Ich habe das Tagebuch von „24 Tage Dankbarkeit“ so aufgebaut wie ich es selbst von anderen Dankbarkeitstagebüchern kenne und so, dass Du am Morgen Vorfreude auf Deinen bevorstehenden Tag kreierst. Und am Abend kannst Du Deinen Tag reflektieren.

  • Am Morgen beantwortest Du die Punkte:
    • Ich bin dankbar für: Du kannst hier Dinge, Ereignisse, Gefühle aus dem Jetzt, der Vergangenheit oder auch der Zukunft nehmen.
    • 3 Dinge, die den heutigen Tag wundervoll machen: Hier stellst Du Dir vor, wie Dein Tag wird und was ihn vor allem zu einem schönen macht. Bei der Beantwortung dieses Punktes kannst Du Dir auch Fragen stellen wie:
      • Wie möchte ich heute meine Mitmenschen behandeln?
      • Was tue ich heute Gutes für mich?
      • Welchen wundervollen Menschen wirst Du heute treffen?
      • Was wirst Du heute lernen?
      • Welche Erfahrungen wirst Du heute machen?
  • Am Abend beantwortest Du die Punkte:
    • Heute war besonders schön: Na klar, können hier auch die Punkte aufgeführt werden, die Du am Morgen schon für Deinen Tag Dir vorgestellt hast, aber vielleicht hat Dir auch noch was ganz anderes richtig Freude bereitet oder Dir für einen Moment ein Lächeln ins Gesicht gezaubert.
    • Was habe ich heute Gutes für Jemanden getan?: Auch diese Frage fordert zur Reflexion.
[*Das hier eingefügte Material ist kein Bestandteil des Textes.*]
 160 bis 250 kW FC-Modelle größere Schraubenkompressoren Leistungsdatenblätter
Und denke hier einfach nach, wie hast Du Dich gegenüber Deinen Kollegen verhalten, wie warst Du zu Dir selbst, hast Du Deinem Kind, Deinem Freund, Deiner Frau, Deinem Mann schon eine herzliche Umarmung gegeben. Auch hier wieder, es müssen keine großen Gesten sein, die Kleinigkeiten in der Summe, machen das Leben großartig.

Tipp 5: Finde Deinen eigenen Rhythmus für diese Übung.
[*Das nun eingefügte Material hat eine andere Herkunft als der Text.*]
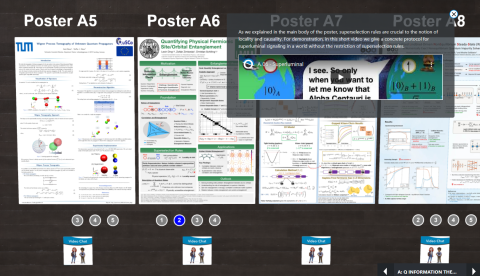 Poster Annotations in the 3D space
Ich habe Dir eine Empfehlung gegeben, wann Du Dankbarkeit üben kannst. Alles aber auch hier wieder kein Muss. Du hast einen anderen Rhythmus und der fühlt sich für Dich besser an, dann mach es genauso. Es muss sich für Dich richtig und gut anfühlen.

Tipp 6: Es ist noch kein Meister vom Himmel gefallen – gib Dir selbst Zeit

Als ich anfing Dankbarkeit zu üben, fiel es mir auch schwer jeden Tag etwas aufzuschreiben. Das Konzept war mir neu und ich konnte meinen Kopf nicht darauf polen. Ich musste dann das Buch zur Seite legen, oder ich versuchte wenigstens einen Punkt aufzuschreiben. Je öfter ich das gemacht habe, desto besser wurde es. Ich ging manchmal durch den Alltag und tagsüber kamen mir die Themen in den Kopf, dass ich ja dafür absolut dankbar sein kann. Und so schrieb ich es mir direkt auf. Was ich damit sagen will? Ich will Dir sagen, dass es auch bei mir nicht von Tag 1 super leicht gelang, das Buch zu befüllen. Wichtig war, ich bin dran geblieben und hab mir täglich Zeit eingeräumt, um mich auf das Thema zu fokussieren. Irgendwann lief es dann wie von selbst. Erlaube Dir selbst Zeit dafür – just keep doing it!

Wie läuft es bei Dir? Klappt es gut? Oder hast Du noch andere Schwierigkeiten, von denen ich hier jetzt gar nicht gesprochen habe?